Synopsis
Pulitzer Prize-winning foreign correspondent William Gordon lands in the middle of a bizarre Mafia power struggle after he inherits a most unusual legacy from his late uncle, the last of the great Jewish mobsters
Reviews
In an outrageous comic send-up of Mafia genre novels, William Gordon, sardonic foreign correspondent for a New York City paper, returns home to claim the inheritance left by his dead uncle, Mafia kingpin Max Grossman. Gordon, who's in love with a lesbian actress, can collect his share of half a billion dollars only if he serves a stint as "foreign minister" for ruthless, elegant Mafia don Luigi Spadafore. But when two hit men enter the picture, Gordon and his hard-drinking journalist cohort John Farrell, who fearlessly insults the Mafia sleazeballs, want out. Enter Gordon's domineering, retired father, Albert, who enlists the services of seven of his former associates from the Jewish branch of the mob. They launch a counteroffensive, complete with 419 pepperoni pizzas, to extricate the errant son. Chafets ( Devils' Night and Other True Tales of Detroit ) zestfully deploys witty dialogue and off-the-wall characters in this fast, funny caper.
Copyright 1991 Reed Business Information, Inc.
Hilarious first novel and sendup of the Mafia, by the author of Devil's Night (1990), Members of the Tribe (1988), etc. Foreign correspondent and two-time Pulitzer Prize-winner William Gordon (real name ``Velvel'' Grossman to his Jewish family) comes home for a respite as a columnist on the Tribune, pursues his bisexual but largely lesbian movie-star girlfriend Jupiter Evans, and finds himself the main inheritor of his late uncle Max, a Jewish mobster whose ties to the Mafia go back 50 years. In fact, Uncle Max is second only to the Godfather himself, 77-year-old Don Luigi Spadafore, who sits home in Brooklyn and tries to speak as wisely as Don Corleone. When the will is read, Velvel's uncle has left him $500 million in businesses: ``fifteen percent of the action on the Brooklyn docks, a third of the union operation, the Colombian business, the lottery tickets....'' It's all there but it's not there--Don Luigi has assumed full ownership. However, Don Luigi's consigliere Carlo Sesti has had an inspired idea: to take Velvel into the family's more legitimate operations, on a $5 million retainer, plus one third of the future haul, if prizewinner Gordon will use his entree with the more crooked world leaders to expand the mob's territory on a global basis. Gordon feels burnt out as a columnist, thinks that endless wealth will help Jupiter resolve her bisexual problem, says yes. His older, closest friend, deputy city editor John Farrell, signs himself on as Velvel's consigliere for dealing with Carlo Sesti. Farrell is an irrepressibly outrageous drunk, the fount of the novel's bubbling fun, and his ``masterminding'' leads Velvel and himself into a full-scale war with Don Luigi's vast army of hoods. Freshness everywhere, especially when Velvel goes on Peter Jennings's evening news show to describe Don Luigi: ``This Luigi Spadafore is a ridiculous old man who sits around in a smoking jacket covered with spaghetti sauce and talks in parables that would embarrass a third grader.'' -- Copyright ©1991, Kirkus Associates, LP. All rights reserved.

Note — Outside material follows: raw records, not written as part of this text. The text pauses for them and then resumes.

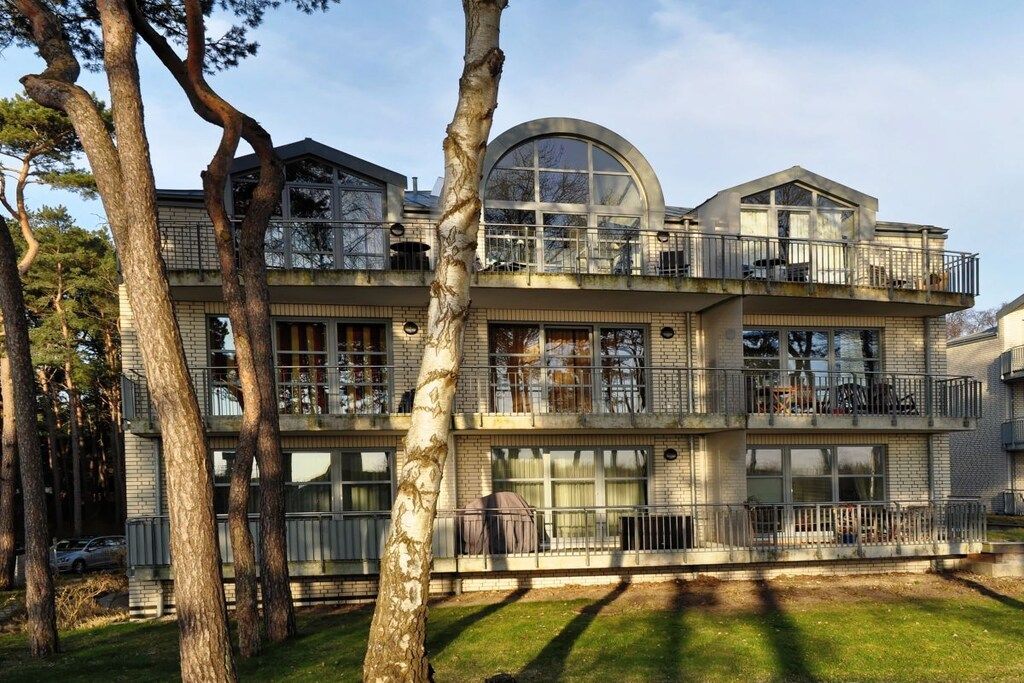 Un edificio de varios pisos con balcones, ventanas amplias y un tragaluz circular.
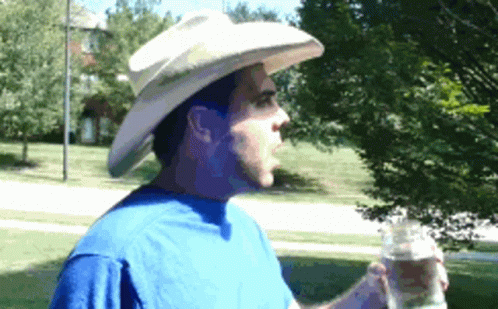a man wearing white make up and a hat with a water bottle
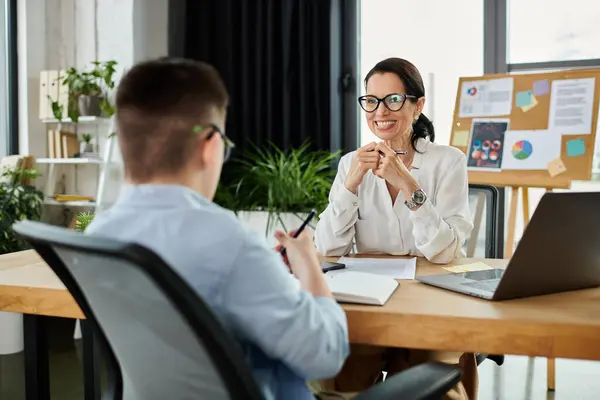 A mother works at her desk in an office with her son, who has Down syndrome. — Stock Photo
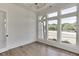 Bright office with hardwood floors, large windows, and a chandelier at 522 Hope Hollow Ln, Loganville, GA 30052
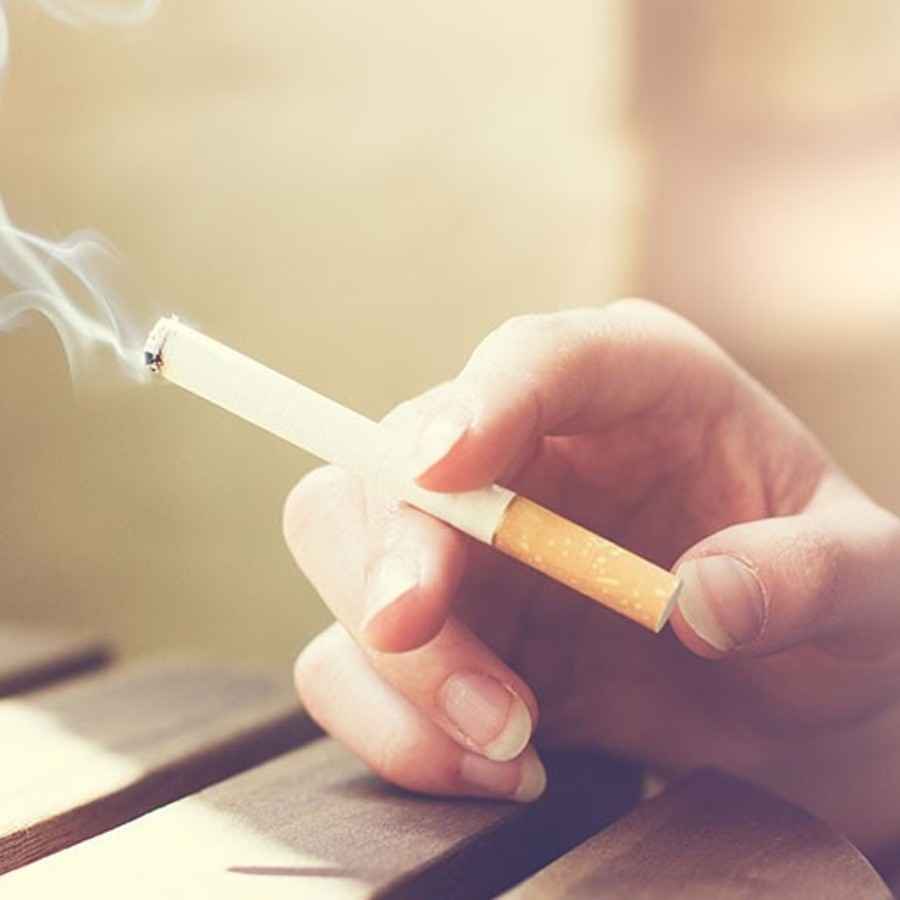 Jemand hält eine brennende Zigarette in der Hand.
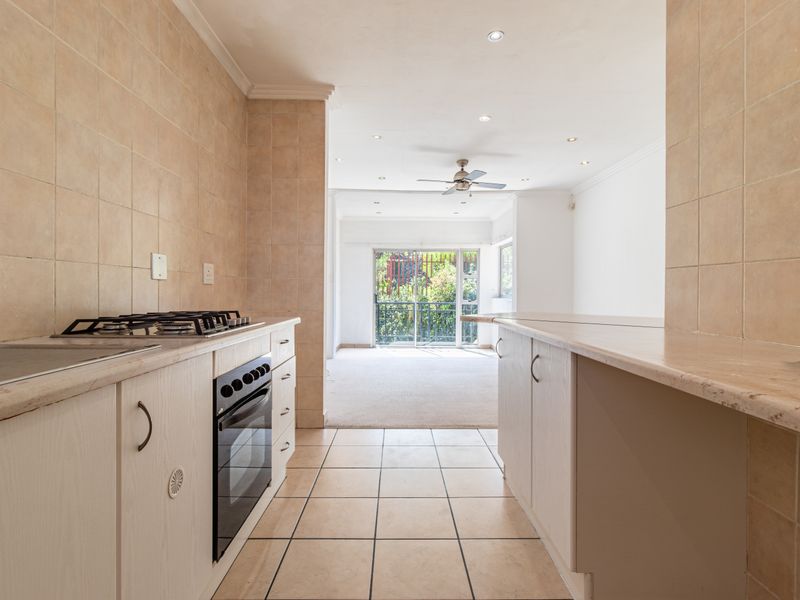 Open plan kitchen and living area featuring tiled flooring, stone countertops, built-in oven, gas hob, and sliding glass doors leading to an outdoor space.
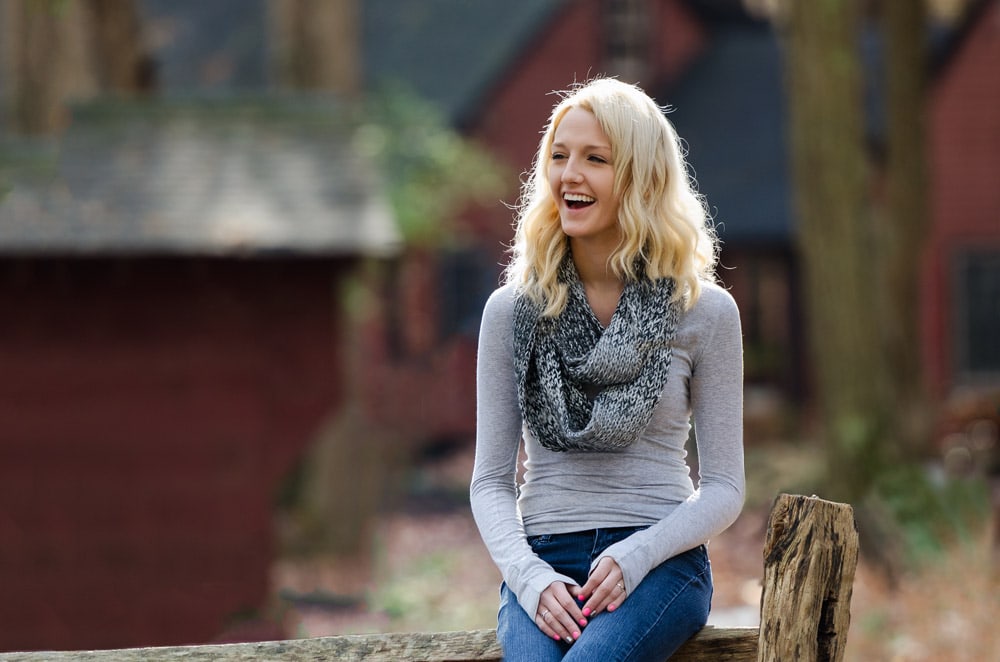 high school senior portrait with red barn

Pulitzer Prize-winning foreign correspondent William Gordon receives word at his uncle's funeral that he has inherited the power to become a major player in the East Coast Mafia. He is encouraged by his wise-cracking newspaper buddy John Farrell, and together they enter the world of "goodfellas," with its gangland power plays, dirty double crosses, and murderous mayhem. At one point, with their lives in danger, Gordon and his "consigliere" Farrell enlist the help of some retired Jewish mobsters to try to beat the underworld at its own game. The book is amusing, but it's not as smoothly convincing or energized as other books in this genre. Israeli Chafets's first novel attempts but somewhat misses the feel of Tom Wolfe's Bonfire of the Vanities and Richard Condon's Prizzi's Honor , whose idiosyncratic characters caught in absurd situations represent urban and ethnic satire at its best. Still, this formulation of an ever-popular topic, the Mafia, is the stuff of many a successful escapist movie and many a successful escapist novel as well.